Natural products have been an important source of new pharmacological compounds, and interest in natural products as drug leads is currently being revitalized, particularly for tackling antimicrobial resistance [13, 14]. The natural product-based drug combination is now attracting scientists worldwide since they have the advantage of treating complex diseases by regulating multiple targets, enhancing the sensitivity of conventional therapy, reversing drug resistance, and lowering the effective dose of their associated therapy [15]. Synergistic effects of natural products in combination with antibiotics against microbial pathogens have been previously reported [16–18].

A diverse set of natural products including flavonoids (curcumin, quercetin), quinones (plumbagin), alkaloids (piperine), triterpenoids, and essential oil phenols (eugenol and thymol) has been reported to be pharmacologically active [13]. Some of them have been proven to be effective as antibacterial and antibiofilm agents, in suppressing cell adhesion and attachment, decreasing the virulence factors’ production, inhibiting the formation of the polymer matrix, and thereby blocking the quorum sensing network [19]. Therefore, we hypothesized that their combination with antibiotics that are losing efficacy due to the spread of resistance to target virulence factors could be more promising to overcome these issues. The main objective of this study is to investigate the effect of the combination of some bioactive natural products (curcumin, piperine, plumbagin, thymol, quercetin, and sinapic acid) with antibiotics (amikacin, ceftazidime, and norfloxacin) against planktonic cells and virulence factors of P. aeruginosa isolates.

2. Materials and Methods

2.1. Chemicals and Natural Products

Dimethyl sulfoxide (DMSO), p-iodonitrotetrazolium chloride (INT), and 3 (4, 5-dimethylthiazole-2-yl)-2, 5-diphenyltetrazolium bromide (MTT) were also purchased from Sigma-Aldrich. The Mueller-Hinton agar (MHA) and Mueller-Hinton broth (MHB) were purchased from Dominique Dutscher SAS, France. The Luria Bertani (LB) broth was purchased from Merck, Germany. Six antibiotics belonging to five classes selected based on their activity against P. aeruginosa were used. These included four aminoglycosides (amikacin, neomycin, paromomycin, and streptomycin), one cephalosporin (ceftazidime), and one quinolone (norfloxacin). Six natural products selected based on the diversity of their biological activity were used. They included curcumin, piperine, plumbagin, thymol, quercetin, and sinapic acid. All antibiotics and natural products were purchased from Merck, Germany.
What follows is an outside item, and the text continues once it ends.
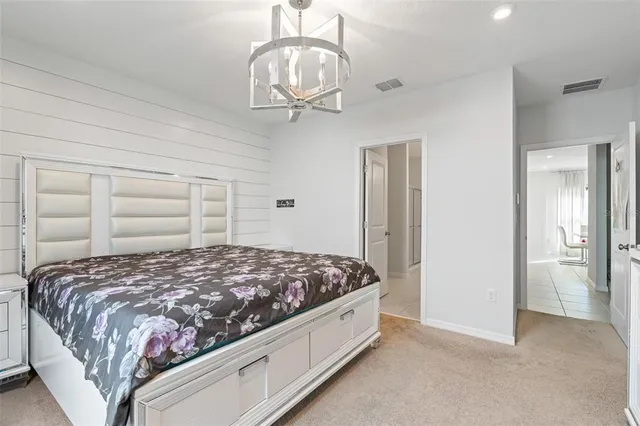 a bedroom with a bed and a chandelier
2.2. Antibacterial and Antibiofilm Activity

2.2.1. Bacterial Isolates and Culture Conditions

Thirty-seven clinical isolates of P. aeruginosa collected from infected wounds were used. In addition, one reference strain obtained from the American Type Culture Collection (ATCC 27853) was used as a control. They were maintained on the Mueller-Hinton agar slant at 4°C and subcultured on a fresh appropriate agar plate 24 hours before the antibiofilm assay. All thirty-eight P. aeruginosa have been previously assessed for their ability to express the investigated virulence factors (unpublished data available upon request).

2.2.2. Minimum Inhibitory Concentration (MIC) and Minimum Bactericidal Concentration (MBC) Determination

The antimicrobial susceptibility of antibiotics and the antibacterial activity of natural products against the planktonic cells of the 37 isolates of P. aeruginosa were carried out by determining the MIC and MBC parameters. This was performed according to the broth microdilution method described by Dzoyem et al. [20]. Results were expressed as MIC and MBC ranges and geometric means of the 38 isolates screened.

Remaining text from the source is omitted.